Elle demande un certain formalisme, il faut donc veiller à ce que certaines mentions apparaissent et que certains documents soient joints :

  • Les mentions sur la lettre que je vous préconise (en plus des obligatoires) :
    • Date, lieu
    • Objet mentionnant clairement « Mise en demeure pour le règlement de/des facture(s) xxxxx sous toute réserve »
    • Vos coordonnées et les coordonnées du client
    • Numéro de facture, date de facture + numéro et date de commande (le cas échéant) + numéro de devis qui a été validé (le cas échéant, il doit dans ce cas être accompagné de la date de validation et du document de validation s’il y a)
    • Le montant des créances (détail et totalité)
    • La mention que vous avez laissé une ou des chances à votre client pour trouver un accord à l’amiable (intérêt des emails conservés pour prouver cela !)
    • Votre réclamation : le règlement des factures
    • Le délai raisonnable : 10 jours (écrivez la date de fin de ce délai !)
    • Conséquences en cas de non exécution (paiement) : une injonction de payer déposée au tribunal de commerce (votre dû + intérêts de retard)
    • Votre signature, nom et qualité (gérant, mandataire etc.)
    • Joindre :
      • Factures et autres documents commerciaux en lien avec celles-ci
      • Echanges d’emails ou écrits (oral = 0 !)

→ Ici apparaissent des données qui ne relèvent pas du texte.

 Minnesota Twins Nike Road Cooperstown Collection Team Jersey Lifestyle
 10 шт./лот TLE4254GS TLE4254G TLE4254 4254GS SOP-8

Bien envoyer votre lettre en recommandé avec accusé de réception (AR) à votre client. Conservez une copie.

Une fois le délai mentionné dans votre lettre dépassé et sans réponse de la part de votre client, il est temps de s’orienter vers le tribunal de commerce. Mais attention : le débiteur doit être obligatoirement un commerçant ou une entreprise. Pour l’administration, il faut passer par une autre action en justice.